<<<<
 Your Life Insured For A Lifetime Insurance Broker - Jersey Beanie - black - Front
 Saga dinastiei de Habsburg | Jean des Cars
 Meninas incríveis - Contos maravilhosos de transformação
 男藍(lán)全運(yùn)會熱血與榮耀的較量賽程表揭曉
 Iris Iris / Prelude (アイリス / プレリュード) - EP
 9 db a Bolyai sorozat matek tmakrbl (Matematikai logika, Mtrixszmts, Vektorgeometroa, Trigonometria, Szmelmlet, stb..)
>>>>
<<<<
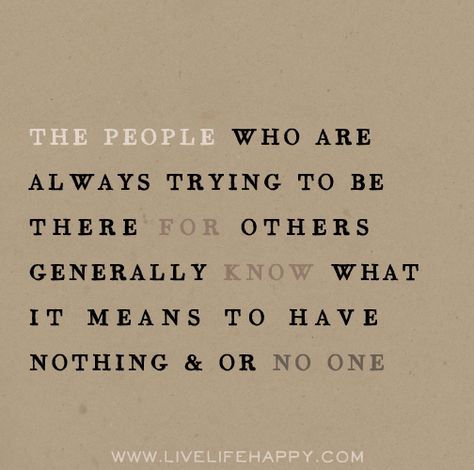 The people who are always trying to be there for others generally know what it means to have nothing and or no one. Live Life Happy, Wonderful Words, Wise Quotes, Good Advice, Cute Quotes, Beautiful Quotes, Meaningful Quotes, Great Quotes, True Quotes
>>>>
[Activity] From the material above, copy exactly the lines between the line holding "Saga dinastiei de Habsburg | Jean des Cars" and the line holding "9 db a Bolyai", inclusive, and only those.

[Final answer]
 Saga dinastiei de Habsburg | Jean des Cars
 Meninas incríveis - Contos maravilhosos de transformação
 男藍(lán)全運(yùn)會熱血與榮耀的較量賽程表揭曉
 Iris Iris / Prelude (アイリス / プレリュード) - EP
 9 db a Bolyai sorozat matek tmakrbl (Matematikai logika, Mtrixszmts, Vektorgeometroa, Trigonometria, Szmelmlet, stb..)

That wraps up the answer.